Is it ok to turn the mongo ObjectId into a string and use it for URLs?

document/show?id=4cf8ce8a8aad6957ff00005b
Generally I think you should be cautious to expose internals (such as DB ids) to the client. The URL can easily be manipulated and the user has possibly access to objects you don't want him to have.
For MongoDB in special, the object ID might even reveal some additional internals (see here), i.e. they aren't completely random. That might be an issue too.
Besides that, I think there's no reason not to use the id.
I generally agree with #MartinStettner's reply. I wanted to add a few points, mostly elaborating what he said. Yes, a small amount of information is decodeable from the ObjectId. This is trivially accessible if someone recognizes this as a MongoDB ObjectID. The two downsides are:
It might allow someone to guess a different valid ObjectId, and request that object.
It might reveal info about the record (such as its creation date) or the server that you didn't want someone to have.
The "right" fix for the first item is to implement some sort of real access control: 1) a user has to login with a username and password, 2) the object is associated with that username, 3) the app only serves objects to a user that are associated with that username.
MongoDB doesn't do that itself; you'll have to rely on other means. Perhaps your web-app framework, and/or some ad-hoc access control list (which itself could be in MongoDB).
But here is a "quick fix" that mostly solves both problems: create some other "id" for the record, based on a large, high-quality random number.
How large does "large" need to be? A 128-bit random number has 3.4 * 10^38 possible values. So if you have 10,000,000 objects in your database, someone guessing a valid value is a vanishingly small probability: 1 in 3.4 * 10^31. Not good enough? Use a 256-bit random number... or higher!
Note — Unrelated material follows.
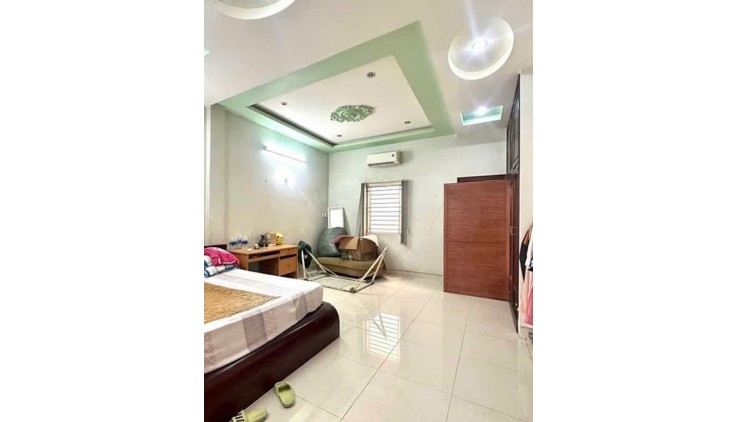 NHÀ ĐẸP - GIÁ TỐT - Vị Trí Tại Trung tâm Linh Tây, Quận Thủ Đức, Thành phố Hồ Chí Minh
How to represent this number in the document? You could use a string (encoding the number as hex or base64), or MongoDB's binary type. (Consult your driver's API docs to figure out how to created a binary object as part of a document.)
While you could add a new field to your document to hold this, then you'd probably also want an index. So the document size is bigger, and you spend more memory on that index. Here's what you might not have though of: simply USE that "truly random id" as your documents "_id" field. Thus the per-document size is only a little higher, and you use the index that you [probably] had there anyways.
I can set both the 128 character session string and other collection document object ids as cookies and when user visits do a asynchronous fetch where I fetch the session, user and account all at once. Instead of fetching the session first and then after fetching user, account. If the session document is valid ill share the user and account documents.
If I do this I'll have to make every single request for a user and account document require the session 128 character session cookie to be fetched too thus making exposing the user and account object id safer. It means if anyone is guessing a user ID or account ID, they also have to guess the 128 string to get any answers from the system.
Another security measure you could do is wrap the id is some salt which you only know the positioning such as
XXX4cf8ce8XXXXa8aad6957fXXXXXXXf00005bXXXX
Now you know exactly how to slice that up to get the ID.